Les premiers apports français à la leyenda negra consistent probablement en traductions au français et au latin du livre de Girolamo Benzoni faites par le Huguenot Urbain Chauveton et dans lesquelles se lisent en filigrane les lignes de fracture politico-religieuses dans la France du XVIe siècle. On pourrait en revenir à Montaigne qui dénonce la conquête du Mexique et du Pérou sans mentionner l’Espagne dans son essai « Des Coches » mais qui accuse la civilisation européenne d’avoir échoué dans ses rapports avec les Indiens.

Aux Pays-Bas, les traductions et les publications de traités de Bartolomé de Las Casas, à commencer par « Brevísima relación de la destrucción de las Indias », sont d’abord envisagées comme une arme contre l’occupant espagnol, accusé de commettre les mêmes atrocités en Europe que dans le Nouveau Monde. Idem avec « Apologie de Guillaume de Nassau, prince d’Orange, contre l’édit de proscription ». En 1579 est publié à Anvers, alors aux mains des rebelles, une édition française du traité de Bartolomé de Las Casas qui aurait eu pour but de se gagner l’appui des Wallons francophones, eux aussi en lutte pour leur indépendance. Lorsque les Flandres se libèrent, le pays se met à utiliser ce traité à des fins expansionnistes, soit chasser l’Espagnol de ses possessions pour mieux prendre sa place. Mais l’histoire n’est jamais une histoire simple – simpliste –, on doit admettre d’autres motifs à l’utilisation de ce traité, des motifs dont l’humanisme n’est pas nécessairement absent.
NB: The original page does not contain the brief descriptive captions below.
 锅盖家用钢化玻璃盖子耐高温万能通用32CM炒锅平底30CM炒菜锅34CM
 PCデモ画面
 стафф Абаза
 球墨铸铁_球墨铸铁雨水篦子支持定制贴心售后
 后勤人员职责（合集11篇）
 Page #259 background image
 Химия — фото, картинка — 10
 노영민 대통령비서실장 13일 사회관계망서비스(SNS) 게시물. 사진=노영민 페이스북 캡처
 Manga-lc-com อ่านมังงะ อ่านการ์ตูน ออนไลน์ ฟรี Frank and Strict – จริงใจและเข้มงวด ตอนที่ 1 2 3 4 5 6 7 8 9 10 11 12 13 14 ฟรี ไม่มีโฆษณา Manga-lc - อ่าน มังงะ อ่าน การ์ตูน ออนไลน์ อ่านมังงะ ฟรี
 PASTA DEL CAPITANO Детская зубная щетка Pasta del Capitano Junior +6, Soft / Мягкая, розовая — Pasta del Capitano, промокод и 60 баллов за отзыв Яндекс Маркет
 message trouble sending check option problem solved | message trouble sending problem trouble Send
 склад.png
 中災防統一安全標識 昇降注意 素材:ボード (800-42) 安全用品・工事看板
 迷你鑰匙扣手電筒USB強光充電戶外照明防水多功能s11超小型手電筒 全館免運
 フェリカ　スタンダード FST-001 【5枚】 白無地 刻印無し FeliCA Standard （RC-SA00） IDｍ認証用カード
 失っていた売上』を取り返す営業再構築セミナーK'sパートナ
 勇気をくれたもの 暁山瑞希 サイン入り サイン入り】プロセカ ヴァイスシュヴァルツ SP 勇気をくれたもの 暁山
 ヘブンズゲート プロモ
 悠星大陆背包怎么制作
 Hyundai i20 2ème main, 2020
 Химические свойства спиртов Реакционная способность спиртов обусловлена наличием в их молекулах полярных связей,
Un nom ne doit pas être oublié dans la formation et la propagation de la leyenda negra, il est même central, Théodore de Bry le graveur qui finit par s’installer à Frankfurt-am-Main où il fonde une imprimerie. Ses fils y impriment notamment la fameuse édition illustrée du traité de Bartolomé de Las Casas. Ils reproduisent le texte de Bartolomé de Las Casas dans lequel les Espagnols sont comparés à des bêtes sauvages mais ils refusent de porter un tel jugement sur l’ensemble de la nation espagnole. Ils déclarent dans leur présentation que s’ils avaient joui de la liberté dont jouissaient les Espagnols en Amérique, privés d’un puissant arbitre capable de leur inspirer de la crainte, ils auraient été semblables à eux en sauvagerie et en cruauté. Les fils de Théodore de Bry font par ailleurs l’éloge de Carlos V pour ses efforts envers les Indiens.

La leyenda negra n’est pas sans fondements, loin s’en faut. Il convient toutefois de la défaire de son pathos et de ses trémolos dont le traité de Bartolomé de Las Casas n’est pas exempt et qui portent atteinte à sa crédibilité. Il ne s’agit pas pour autant d’une légende ; simplement, les pratiques dénoncées ne doivent pas être comprises comme une spécificité espagnole d’alors, ce que l’auteur n’a jamais eu en tête d’imposer. La leyenda negra doit être prise en considération sans pour autant être maniée à tout propos comme une arme contre les Espagnols. Les relations entre ces derniers et les Indiens ont été bien plus complexes que ce traité ne le laisse entendre. Il ne faut se laisser enfermer ni dans la leyenda negra ni dans la leyenda blanca.